Top 4 Match – Shaun Murphy – M Manectric EX/Suicune/Seismitoad EX – 8-2
This match was very long and very grueling… for Shaun more than me. In both games I established a dominating lock with some quick Head Ringers and a Quaking Punch. After a two long games of attrition involving a lot of Crushing Hammers, Hypnotoxic Lasers, Rough Seas usage, Stadium Countering and Lysandre’s Trump Card, I managed to come out on top, with Shaun only being able to attack once for any significant damage. Shaun had to reach for an Energy to stay in the game on a few occasions but was unable to find one.
Top 2 Match – Andrew Tanadius – Seismitoad EX/Shaymin EX/Techs
I couldn’t believe it. I had made it. I said leading up to the weeks multiple times that I wanted to achieve top 2 and I did it. I was very proud of myself and would not be disappointed in the outcome either way. One the one hand, if I won this, I would be the first person in Masters to win two National Championships. On the other, this is my 4th time being in the finals for the Masters division, which is a record no other Australian player has achieved.
Andrew and I began our match and he opened with a lone Keldeo EX. On my opening turn I attached a Muscle Band to my Seismitoad EX, a Head Ringer to his Keldeo EX then played down Virbank City Gym then passed. He was unable to find a way to retreat his Keldeo EX after placing down some basics and I was able to take advantage of that – Double Colorless Energy and Hypnotoxic Laser sealed Keldeo’s fate and put me ahead for the rest of the game. Despite going back and forth I was way too far ahead and took the win. Game two and three were much less successful. With a lack of basics in two and Double Colorless Energy in three, I was unable to establish any board position so he was able to take the match and become the 2015 National Champion.
After a successful season, I am on 655 Championship Points. As I had mentioned earlier, I am very proud of my performance, this being my best season since 2008 and managing to sustain an Australian record in terms of National finishes in the Masters Division. This hopefully locks me into the top 8 for Asia Pacific on Championship Points but that relies on the remaining four Nationals in Asia Pacific – New Zealand, Singapore, Indonesia and Malaysia. Keep an eye out as once the top 8 is confirmed, Pokémon Australia will deliver the exciting news!

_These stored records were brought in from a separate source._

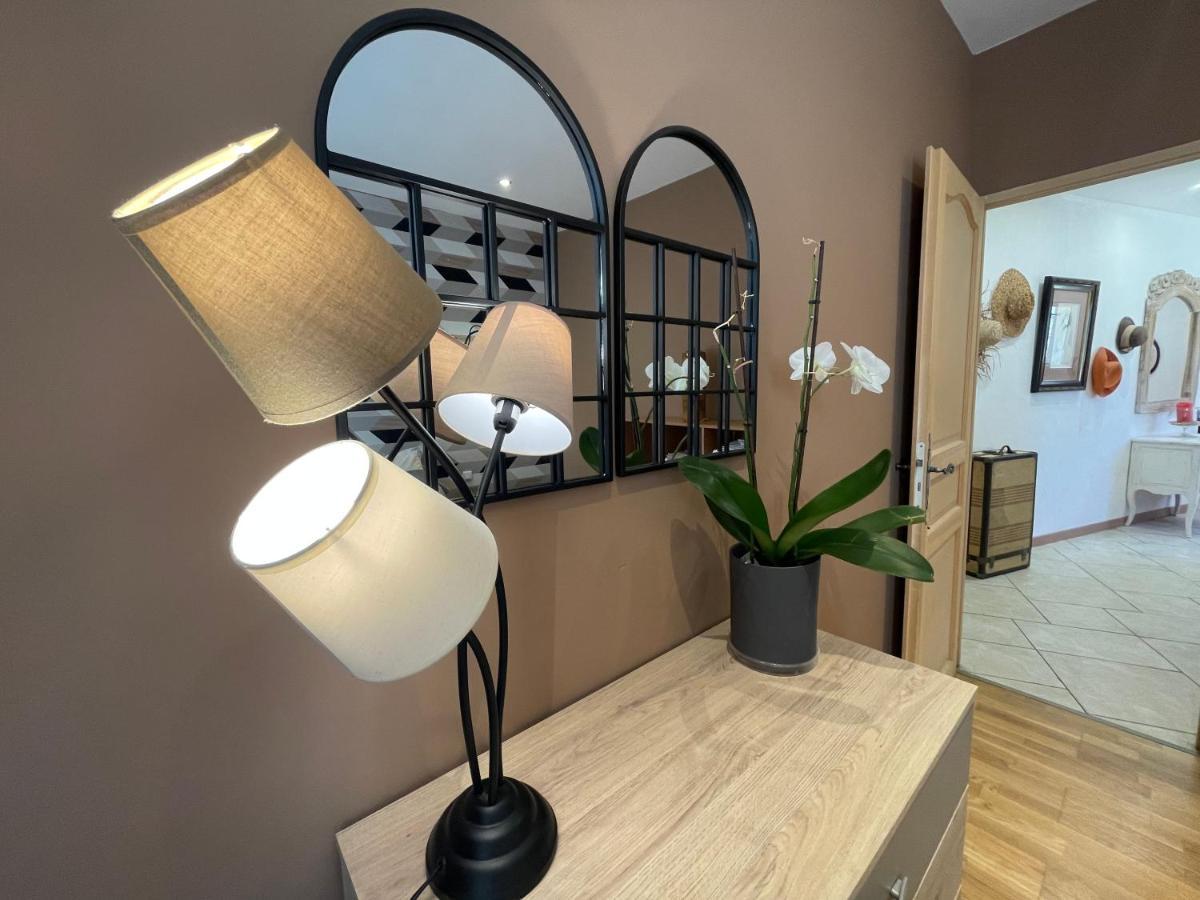 Le Calme De La Garrigue Bed & Breakfast Russan Luaran gambar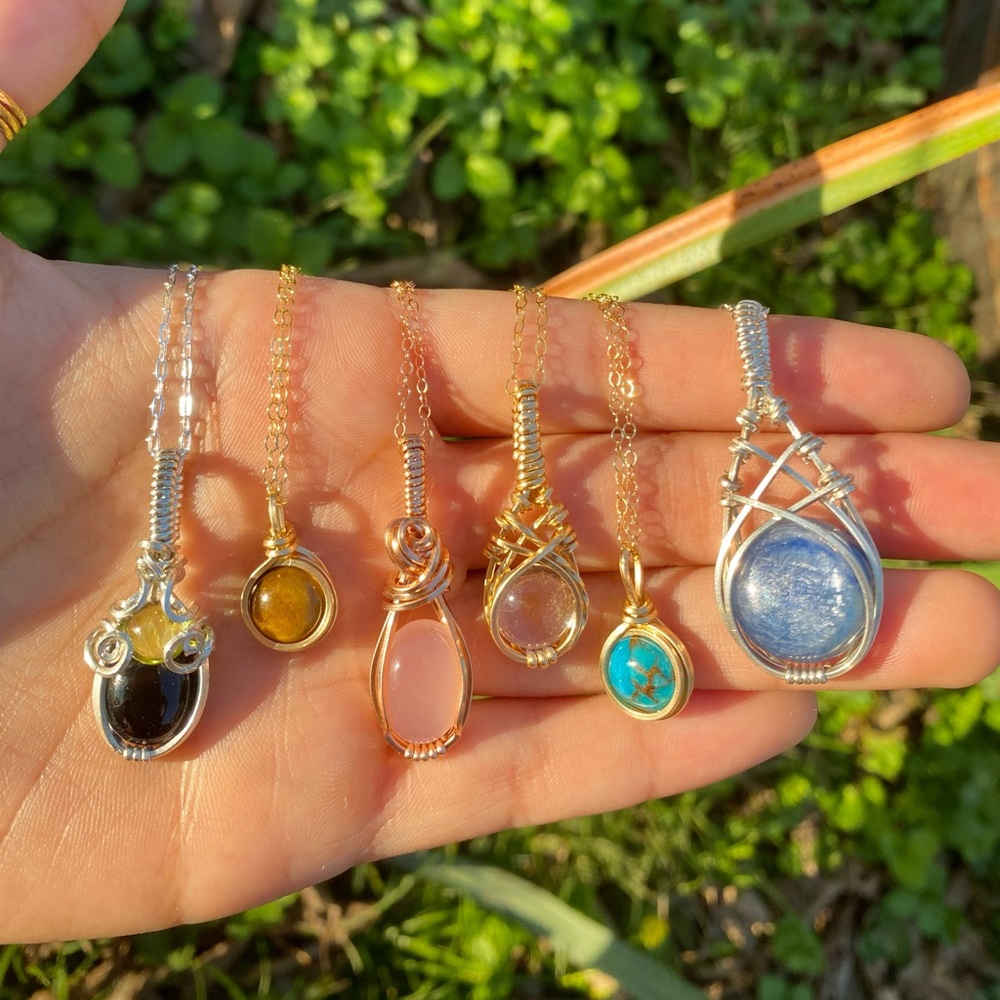 Wire Wrapped Jewelry/ IG: @neesagems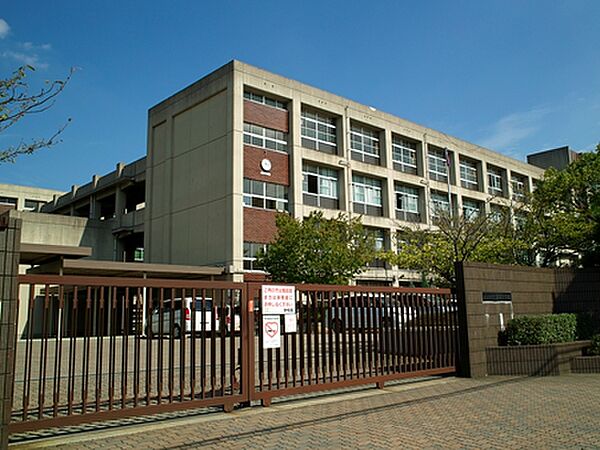 画像16:加古川市立陵南中学校（638m）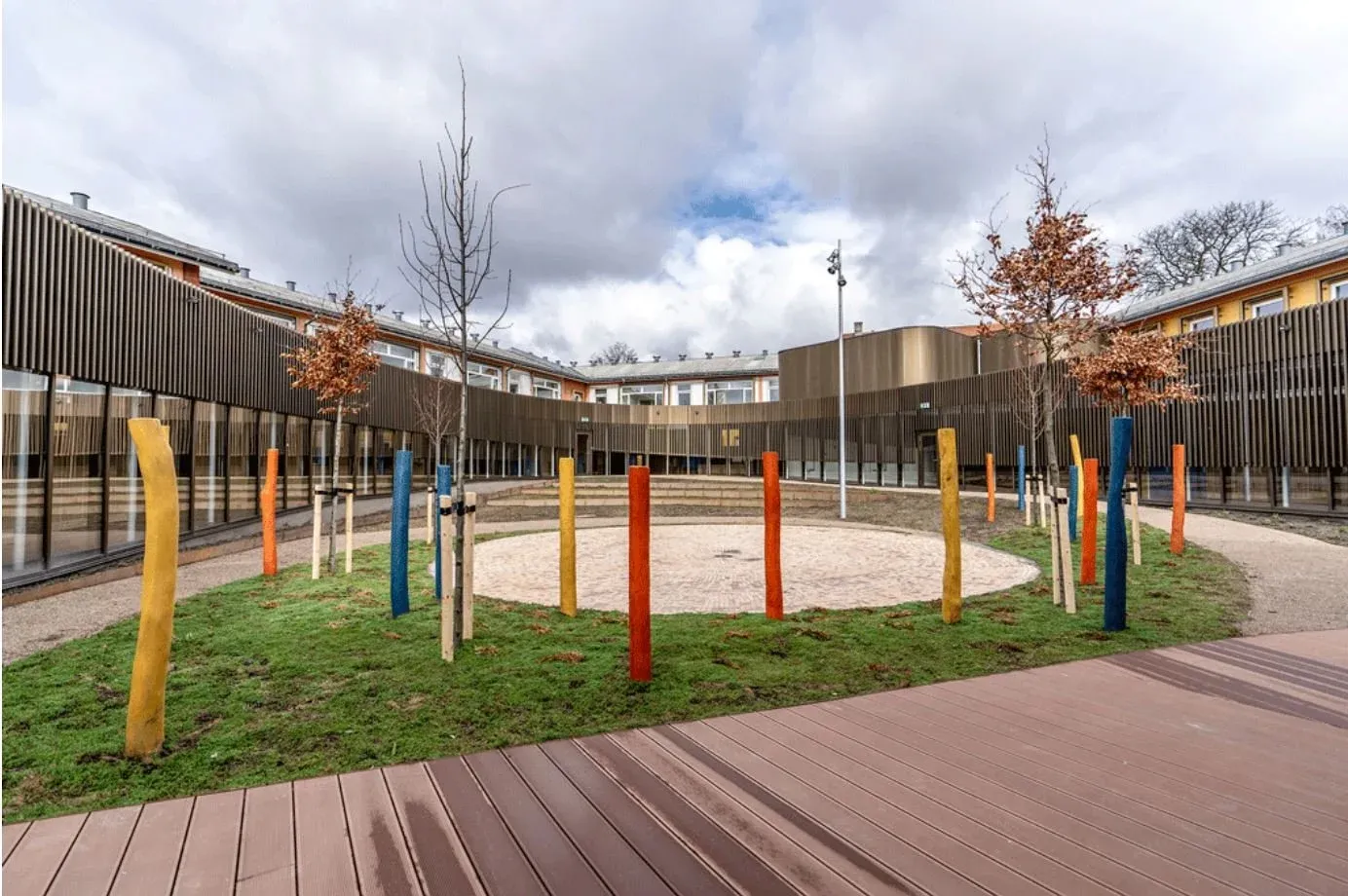 Det nye gårdrum set fra skolens hovedindgang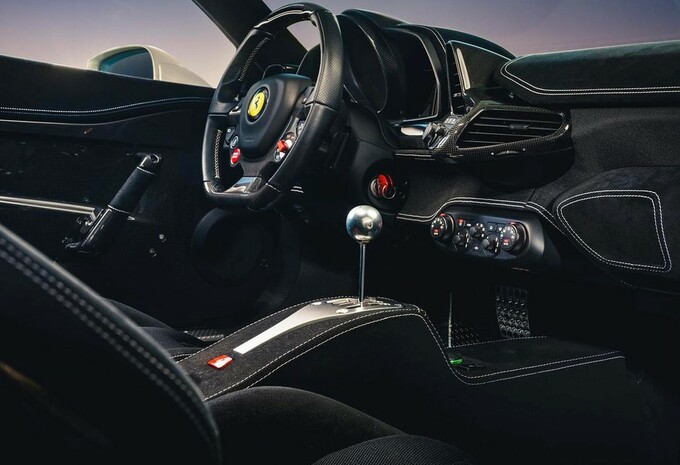 Wordt de Ferrari 458 Speciale beter met een handbak? #1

I hope you enjoyed reading my report, and hope that you will follow my journey this season as I continue onto the World Championships in Boston this August. I will be attending regardless of making top 8 in Asia Pacific as I have already qualified for day one of the event. If you’re at attending an event or a league don’t be afraid to say hi! I’ll be playing at Good Games Melbourne a lot during the upcoming weeks during their league on Sundays to get some casual games in, and keep my mind sharp for the slight format change once Lysandre’s Trump Card is banned on the 15th of June.